L’Unità, 29 luglio 2023

Raccontano di sovraffollamento, vite sospese nel nulla, rapporti umani inesistenti e soprusi. Dal carcere si è sempre scritto tanto. Lettere a familiari, ad amici, alle fidanzate. Se per un attimo coprissimo le date delle lettere scritte dai detenuti negli anni 70 non ci accorgeremmo di nulla di strano: quello che si scriveva un tempo è identico a quello che si scrive oggi.

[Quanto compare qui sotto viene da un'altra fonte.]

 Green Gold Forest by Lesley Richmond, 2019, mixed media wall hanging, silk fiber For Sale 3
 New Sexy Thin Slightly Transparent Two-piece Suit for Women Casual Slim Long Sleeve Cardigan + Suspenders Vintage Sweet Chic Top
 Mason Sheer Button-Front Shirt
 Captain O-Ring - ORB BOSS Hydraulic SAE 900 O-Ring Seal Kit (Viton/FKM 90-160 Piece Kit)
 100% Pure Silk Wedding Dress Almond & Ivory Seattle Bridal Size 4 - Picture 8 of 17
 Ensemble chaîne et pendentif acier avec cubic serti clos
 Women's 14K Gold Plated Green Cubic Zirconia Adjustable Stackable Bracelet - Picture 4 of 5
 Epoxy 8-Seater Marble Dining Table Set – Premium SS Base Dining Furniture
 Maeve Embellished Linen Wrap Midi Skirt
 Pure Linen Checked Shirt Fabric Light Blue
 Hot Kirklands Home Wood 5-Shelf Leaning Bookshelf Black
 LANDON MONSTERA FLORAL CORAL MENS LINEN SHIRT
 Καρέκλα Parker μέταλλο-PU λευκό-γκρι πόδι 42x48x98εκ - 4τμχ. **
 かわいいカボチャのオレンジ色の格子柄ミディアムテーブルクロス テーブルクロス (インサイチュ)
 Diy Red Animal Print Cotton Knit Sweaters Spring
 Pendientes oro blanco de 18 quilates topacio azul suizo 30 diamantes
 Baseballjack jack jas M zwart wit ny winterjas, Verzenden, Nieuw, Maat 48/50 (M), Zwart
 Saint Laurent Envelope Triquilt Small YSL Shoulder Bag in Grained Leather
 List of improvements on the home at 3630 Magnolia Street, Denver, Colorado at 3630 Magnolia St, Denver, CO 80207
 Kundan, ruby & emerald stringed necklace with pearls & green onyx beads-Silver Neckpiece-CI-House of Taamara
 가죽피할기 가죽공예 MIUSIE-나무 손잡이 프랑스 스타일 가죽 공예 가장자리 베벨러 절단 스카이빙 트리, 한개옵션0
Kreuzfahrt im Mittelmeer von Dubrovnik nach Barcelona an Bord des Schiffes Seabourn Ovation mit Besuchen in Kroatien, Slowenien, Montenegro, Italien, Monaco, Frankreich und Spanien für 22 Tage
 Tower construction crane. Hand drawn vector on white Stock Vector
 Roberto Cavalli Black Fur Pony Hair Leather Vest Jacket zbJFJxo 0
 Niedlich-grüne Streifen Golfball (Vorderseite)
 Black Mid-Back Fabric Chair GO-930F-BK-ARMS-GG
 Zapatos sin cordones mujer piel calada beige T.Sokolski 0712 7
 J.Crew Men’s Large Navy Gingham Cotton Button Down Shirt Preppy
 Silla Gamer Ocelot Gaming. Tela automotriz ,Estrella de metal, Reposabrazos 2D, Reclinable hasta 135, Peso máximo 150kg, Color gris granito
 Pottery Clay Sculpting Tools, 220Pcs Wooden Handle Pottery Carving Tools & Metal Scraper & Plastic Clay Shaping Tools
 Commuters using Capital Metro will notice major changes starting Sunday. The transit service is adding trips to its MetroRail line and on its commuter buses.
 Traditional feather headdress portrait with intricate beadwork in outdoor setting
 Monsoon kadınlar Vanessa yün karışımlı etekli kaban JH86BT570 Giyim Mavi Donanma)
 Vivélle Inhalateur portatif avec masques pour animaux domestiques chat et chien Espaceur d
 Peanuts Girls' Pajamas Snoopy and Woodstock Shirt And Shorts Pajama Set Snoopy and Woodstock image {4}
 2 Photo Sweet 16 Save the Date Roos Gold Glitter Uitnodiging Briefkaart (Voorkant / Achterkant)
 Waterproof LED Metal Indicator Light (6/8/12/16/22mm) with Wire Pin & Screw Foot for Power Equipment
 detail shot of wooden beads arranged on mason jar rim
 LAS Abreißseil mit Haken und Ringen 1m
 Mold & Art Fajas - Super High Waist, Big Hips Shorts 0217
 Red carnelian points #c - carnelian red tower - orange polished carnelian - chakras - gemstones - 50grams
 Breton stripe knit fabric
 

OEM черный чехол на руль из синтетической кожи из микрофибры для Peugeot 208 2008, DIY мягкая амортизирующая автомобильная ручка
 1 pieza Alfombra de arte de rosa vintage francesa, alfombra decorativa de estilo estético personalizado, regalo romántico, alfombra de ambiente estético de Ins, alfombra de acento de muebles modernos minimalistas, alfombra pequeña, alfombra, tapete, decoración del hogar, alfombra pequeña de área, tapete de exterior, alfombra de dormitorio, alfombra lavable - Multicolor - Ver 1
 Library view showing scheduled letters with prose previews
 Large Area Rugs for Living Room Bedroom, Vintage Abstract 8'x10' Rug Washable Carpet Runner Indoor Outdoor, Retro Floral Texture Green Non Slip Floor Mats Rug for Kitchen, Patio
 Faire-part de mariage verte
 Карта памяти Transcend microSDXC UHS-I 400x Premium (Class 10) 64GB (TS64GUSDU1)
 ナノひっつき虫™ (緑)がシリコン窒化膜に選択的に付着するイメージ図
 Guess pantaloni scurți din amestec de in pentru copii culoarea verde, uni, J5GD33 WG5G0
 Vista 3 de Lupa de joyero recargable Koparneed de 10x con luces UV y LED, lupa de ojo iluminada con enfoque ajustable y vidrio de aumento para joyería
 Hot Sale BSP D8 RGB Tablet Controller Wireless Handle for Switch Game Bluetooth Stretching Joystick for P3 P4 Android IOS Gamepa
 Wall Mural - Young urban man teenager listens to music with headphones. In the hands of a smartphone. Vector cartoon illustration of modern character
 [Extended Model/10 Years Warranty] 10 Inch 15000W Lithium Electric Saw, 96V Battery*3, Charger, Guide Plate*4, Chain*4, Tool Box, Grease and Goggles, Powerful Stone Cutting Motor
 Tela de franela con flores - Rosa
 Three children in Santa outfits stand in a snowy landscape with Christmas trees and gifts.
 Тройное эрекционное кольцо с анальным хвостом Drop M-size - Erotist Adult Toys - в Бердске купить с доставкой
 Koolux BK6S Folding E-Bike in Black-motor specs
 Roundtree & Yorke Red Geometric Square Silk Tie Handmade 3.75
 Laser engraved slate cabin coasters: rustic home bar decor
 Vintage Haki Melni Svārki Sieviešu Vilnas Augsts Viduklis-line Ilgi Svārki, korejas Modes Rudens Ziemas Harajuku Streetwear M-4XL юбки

Sbarre di Zucchero ha voluto fare questa prova. Arrigo Cavallina, attivista, ha recuperato e donato tre lettere del 1975 scritte dai detenuti. Ed è incredibile costatare che potrebbero essere state scritte ieri. “Queste lettere secondo noi sono importanti proprio perché dimostrano che quello che veniva scritto nel 1975 è uguale a quello che viene scritto nel 2023. Questo è una pietra miliare del senso di quello che facciamo. Noi cerchiamo il cambiamento perché da 48 anni non c’è nessun cambiamento, è sempre tutto uguale”, spiega Monica Bizaj di Sbarre di Zucchero. Riportiamo di seguito le tre lettere recuperate dal passato.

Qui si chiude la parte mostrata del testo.